Contributors
Economist Veronique de Rugy is on a first-name basis with bigwigs at the Department of Homeland Security, an agency she has been tormenting for the last two years. "They think I'm a horrible pain in the ass," she comments. A one-woman army against wasteful spending, De Rugy has sparred with the department's bureaucrats in the halls of Congress, on numerous op-ed pages, and at her headquarters, the American Enterprise Institute. In this month's cover story ("Are We Ready for the Next 9/11?," page 24), De Rugy asks why homeland security money is buying new exercise equipment for New Jersey firefighters and a defibrillator for a Tennessee high school. She looks forward to another round of infuriated e-mails, op-eds, and phone calls from her friends in Washington.

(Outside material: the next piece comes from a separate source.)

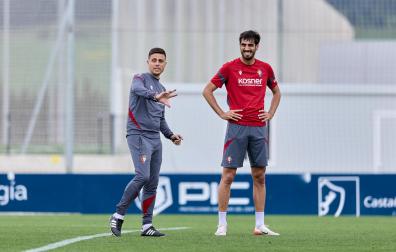 Alessio Lisci, junto a Alejandro Catena
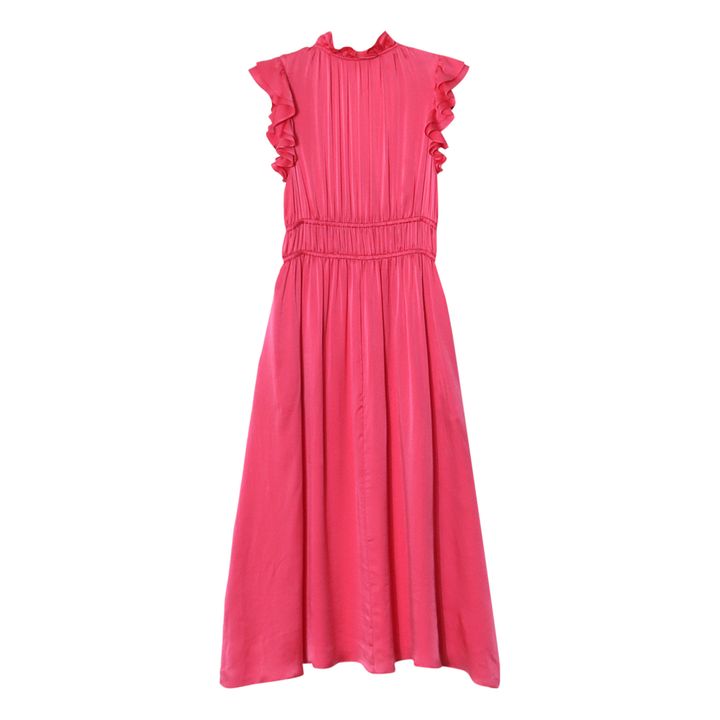 Posey Silk Dress | Pink- Product image n°1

Devotees of Tim Harford's "Dear Economist" column in the Financial Times know he has a knack for lending an economist's objectivity to deeply personal issues. (A December questioner frets: "I only really fancy my girlfriend after I've had a few drinks. Is this relationship worth pursuing?") So it's no surprise that Harford's recent trip to Cameroon, where he traveled to research his book The Undercover Economist (excerpted this month on page 32), had a deeply personal outcome: Harford proposed to his girlfriend on the summit of the 14,000-foot Mount Cameroon. "She asked me if I was joking," he says, "and we celebrated with some boil-in-the-bag noodles."
As a semiotic brand analyst, A.S. Hamrah teases hidden meanings from the objects we buy. As a cultural critic, he does the same with the entertainment we consume. In this issue he does both, penning an analysis of movies that obsess over the morbidly obese ("Fat Suit Chic," page 55) and dishing out some semiotics expertise in Kerry Howley's feature about Fair Trade coffee ("Absolution in Your Cup," page 40). A prolific critic, Hamrah has published articles in The Baffler, The Boston Globe, Hermenaut, Newsday, and Suck, among other outlets.